Le 2 avril 1974, la mort de Georges Pompidou est un choc pour vous comme pour tous les Français. Des trois concurrents en lice pour lui succéder – Jacques Chaban-Delmas, Valéry Giscard d’Estaing, François Mitterrand –, le père de la « nouvelle société » vous apparaît comme le plus authentique réformateur. Vous vous apprêtez à voter pour lui lorsque soudain sa campagne s’enlise. Une émission de télévision où Chaban apparaît flanqué d’un Malraux éprouvé et à peine compréhensible donne le coup de grâce à ses ambitions. Au second tour, vous êtes tentée de vous abstenir. Contrairement à ce qui a été souvent colporté, après avoir hésité, vous votez pour Giscard.
C’est ici qu’apparaît un nouveau personnage, convivial et chaleureux : Jacques Chirac. Il venait de se rallier à Giscard et de lui apporter le soutien des fameux Quarante-trois venus du mouvement gaulliste. Vous étiez liée avec sa principale conseillère, magistrat comme vous, Marie-France Garaud. Un magazine féminin publie un article sur un éventuel et imaginaire gouvernement de femmes. Sur ce podium virtuel, à la surprise, il faut le dire, de beaucoup, et d’abord de vous-même, vous étiez propulsée au poste de Premier ministre.
Un soir, à un dîner chez des amis, où se fait sentir une certaine ironie à l’égard de l’improbable journalisme féminin et de ses vaticinations, le téléphone sonne. La maîtresse de maison vous fait un signe : c’est pour vous. Au bout du fil, Jacques Chirac qui vient d’être désigné comme Premier ministre par Giscard. Il vous offre d’entrer dans son gouvernement que le président Giscard d’Estaing, en novateur, souhaite aussi large que possible. Vous n’hésitez pas longtemps. Vous devenez ministre de la Santé. Vous êtes la seule femme ministre : Françoise Giroud, avec qui vous entretiendrez des relations qui ne seront pas toujours chaleureuses, est secrétaire d’État à la Condition féminine.
Il y a un homme, dont les idées politiques ne se confondent pas toujours avec les vôtres, avec qui vous allez vous entendre aussitôt : c’est le confident fidèle de Giscard, c’est le ministre de l’Intérieur, c’est le véritable Premier ministre bis de votre gouvernement : Michel Poniatowski. Il a été ministre de la Santé dans le dernier gouvernement Pompidou – qui était dirigé par Pierre Messmer dont vous venez de retracer l’héroïsme, la grandeur, les tourments et l’attachement à cette Légion étrangère qui, le matin de ses obsèques, défilera en silence, dans la cour des Invalides : il avait demandé – quelle leçon ! – qu’aucun discours ne fût prononcé.

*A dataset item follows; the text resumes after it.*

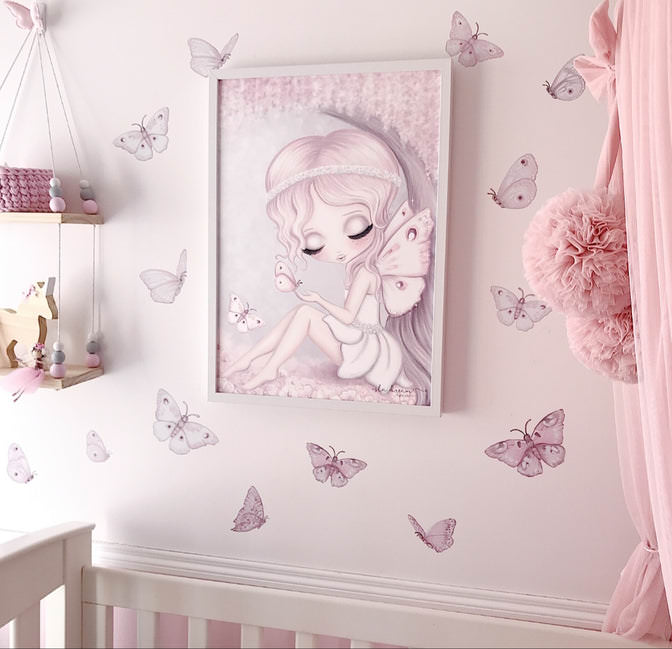 Butterflies ‘Fairy magic.’ Fabric Wall Decals A2 | Removable Fabric Wall Decals | Isla Dream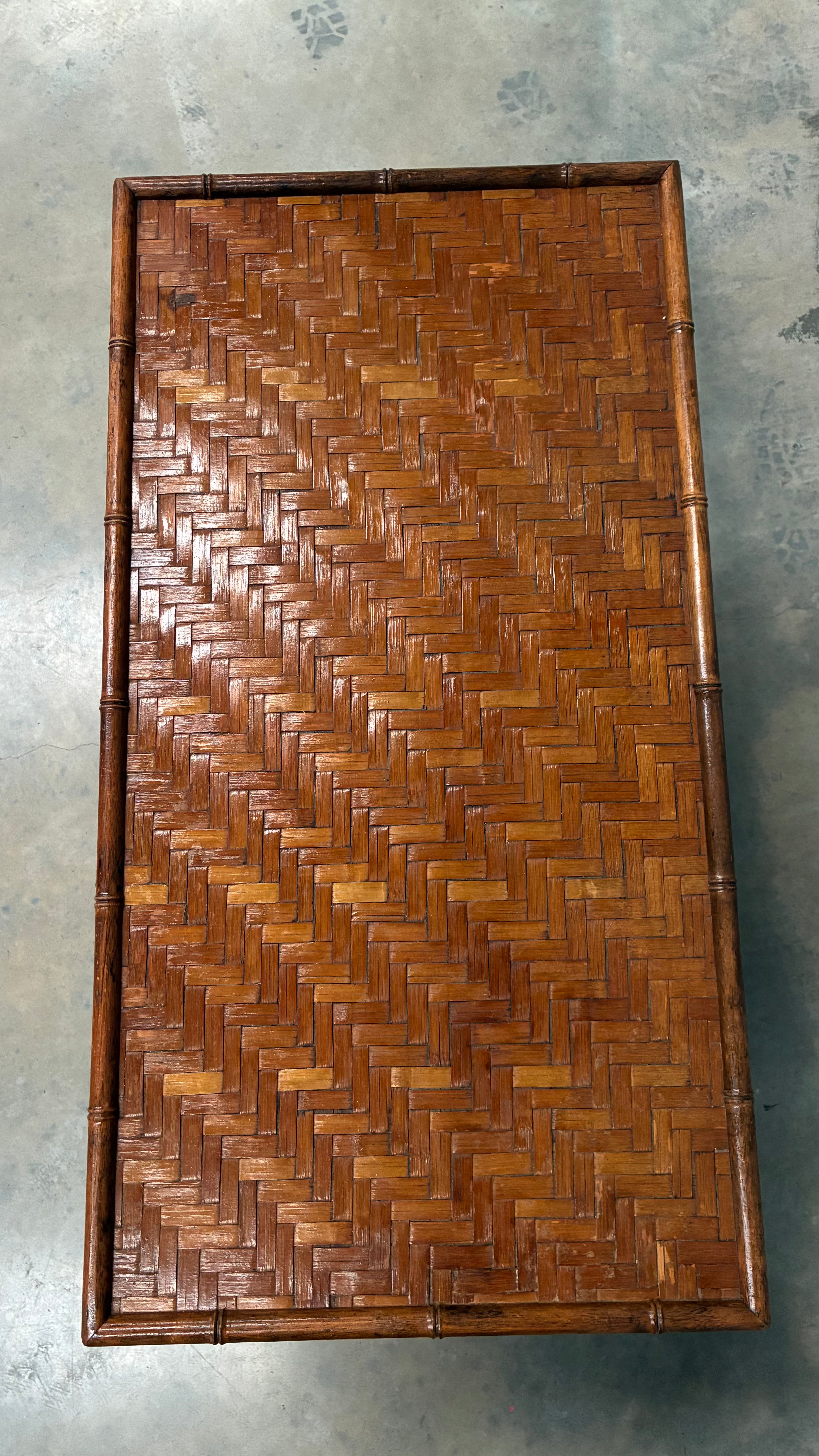 1960s Faux Bamboo and Woven Rattan Chest of Drawers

C’est Michel Poniatowski qui vous parle le premier d’un problème urgent et grave : l’avortement clandestin. On pouvait imaginer que cette question relevât du ministère de la Justice. Mais le nouveau garde des Sceaux, Jean Lecanuet, pour désireux qu’il fût de traiter cette affaire, n’était pas convaincu de l’urgence du débat. C’est vous que le président de la République et le Premier ministre vont charger de ce dossier écrasant.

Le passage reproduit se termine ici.